▶ [HOW TO COMPLETE THIS TASK]
Tell how many lines in the data below include the word "Drive". The answer is the number only.

▶ [DATA IN THIS EXERCISE]
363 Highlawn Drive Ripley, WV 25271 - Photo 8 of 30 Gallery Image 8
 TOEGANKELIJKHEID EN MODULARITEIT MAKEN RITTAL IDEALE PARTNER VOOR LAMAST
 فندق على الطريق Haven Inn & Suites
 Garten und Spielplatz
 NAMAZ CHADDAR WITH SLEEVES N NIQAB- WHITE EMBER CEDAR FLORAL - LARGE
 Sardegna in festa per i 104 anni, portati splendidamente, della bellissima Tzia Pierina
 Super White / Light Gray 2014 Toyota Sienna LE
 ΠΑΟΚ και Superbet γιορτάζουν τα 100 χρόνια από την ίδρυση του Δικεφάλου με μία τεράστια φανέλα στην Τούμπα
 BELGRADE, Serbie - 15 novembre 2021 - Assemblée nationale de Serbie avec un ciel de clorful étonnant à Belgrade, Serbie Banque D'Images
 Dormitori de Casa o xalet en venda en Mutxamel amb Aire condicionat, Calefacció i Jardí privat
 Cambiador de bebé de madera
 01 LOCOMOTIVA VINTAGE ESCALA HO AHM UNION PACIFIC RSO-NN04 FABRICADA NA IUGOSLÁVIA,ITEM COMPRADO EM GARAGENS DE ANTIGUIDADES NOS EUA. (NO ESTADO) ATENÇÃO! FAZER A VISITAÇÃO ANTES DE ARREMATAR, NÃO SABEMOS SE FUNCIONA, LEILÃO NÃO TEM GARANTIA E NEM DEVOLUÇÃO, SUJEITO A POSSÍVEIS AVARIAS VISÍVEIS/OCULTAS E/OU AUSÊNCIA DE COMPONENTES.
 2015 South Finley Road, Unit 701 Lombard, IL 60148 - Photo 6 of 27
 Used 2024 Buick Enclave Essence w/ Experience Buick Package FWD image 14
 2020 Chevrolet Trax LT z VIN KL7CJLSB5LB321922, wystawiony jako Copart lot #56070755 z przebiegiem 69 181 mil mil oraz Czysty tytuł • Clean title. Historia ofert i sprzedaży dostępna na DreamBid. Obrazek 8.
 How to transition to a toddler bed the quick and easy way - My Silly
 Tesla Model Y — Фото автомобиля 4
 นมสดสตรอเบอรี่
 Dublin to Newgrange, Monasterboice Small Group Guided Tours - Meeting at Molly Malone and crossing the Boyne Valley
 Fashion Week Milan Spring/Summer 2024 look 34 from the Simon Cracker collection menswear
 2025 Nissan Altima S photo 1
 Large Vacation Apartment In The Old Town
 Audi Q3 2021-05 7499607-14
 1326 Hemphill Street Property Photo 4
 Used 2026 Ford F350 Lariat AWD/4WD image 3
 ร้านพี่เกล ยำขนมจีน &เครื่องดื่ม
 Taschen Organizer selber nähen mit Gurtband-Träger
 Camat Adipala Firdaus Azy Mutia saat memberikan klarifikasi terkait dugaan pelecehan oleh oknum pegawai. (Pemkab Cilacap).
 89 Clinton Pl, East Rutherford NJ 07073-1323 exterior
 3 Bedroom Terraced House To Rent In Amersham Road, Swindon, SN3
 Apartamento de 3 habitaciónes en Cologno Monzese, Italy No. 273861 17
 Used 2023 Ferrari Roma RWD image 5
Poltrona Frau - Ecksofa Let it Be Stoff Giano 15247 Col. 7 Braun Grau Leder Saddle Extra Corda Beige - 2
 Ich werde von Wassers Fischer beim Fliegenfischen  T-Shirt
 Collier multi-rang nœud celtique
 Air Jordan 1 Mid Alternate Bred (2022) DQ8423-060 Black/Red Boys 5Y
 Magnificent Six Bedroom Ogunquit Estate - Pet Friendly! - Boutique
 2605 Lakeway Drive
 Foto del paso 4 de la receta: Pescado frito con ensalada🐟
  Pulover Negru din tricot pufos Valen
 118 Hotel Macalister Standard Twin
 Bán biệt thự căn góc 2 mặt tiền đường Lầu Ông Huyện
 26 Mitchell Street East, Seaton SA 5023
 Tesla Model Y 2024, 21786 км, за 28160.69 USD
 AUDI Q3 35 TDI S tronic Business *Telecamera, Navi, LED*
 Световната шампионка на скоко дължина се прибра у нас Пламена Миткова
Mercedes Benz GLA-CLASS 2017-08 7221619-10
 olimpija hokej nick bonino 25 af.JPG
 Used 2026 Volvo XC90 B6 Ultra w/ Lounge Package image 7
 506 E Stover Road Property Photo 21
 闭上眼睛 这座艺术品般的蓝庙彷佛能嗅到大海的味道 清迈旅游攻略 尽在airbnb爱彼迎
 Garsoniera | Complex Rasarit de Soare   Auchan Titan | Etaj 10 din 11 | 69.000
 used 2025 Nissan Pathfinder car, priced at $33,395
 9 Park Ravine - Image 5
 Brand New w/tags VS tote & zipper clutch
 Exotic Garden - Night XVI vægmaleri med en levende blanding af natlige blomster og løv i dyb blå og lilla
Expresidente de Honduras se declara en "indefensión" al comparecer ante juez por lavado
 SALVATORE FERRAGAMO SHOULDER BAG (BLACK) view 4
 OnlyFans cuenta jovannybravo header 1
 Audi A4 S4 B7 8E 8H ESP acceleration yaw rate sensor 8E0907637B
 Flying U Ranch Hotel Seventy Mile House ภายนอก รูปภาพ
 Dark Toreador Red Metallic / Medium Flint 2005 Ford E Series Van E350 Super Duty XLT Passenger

▶ [EXERCISE OUTPUT]
2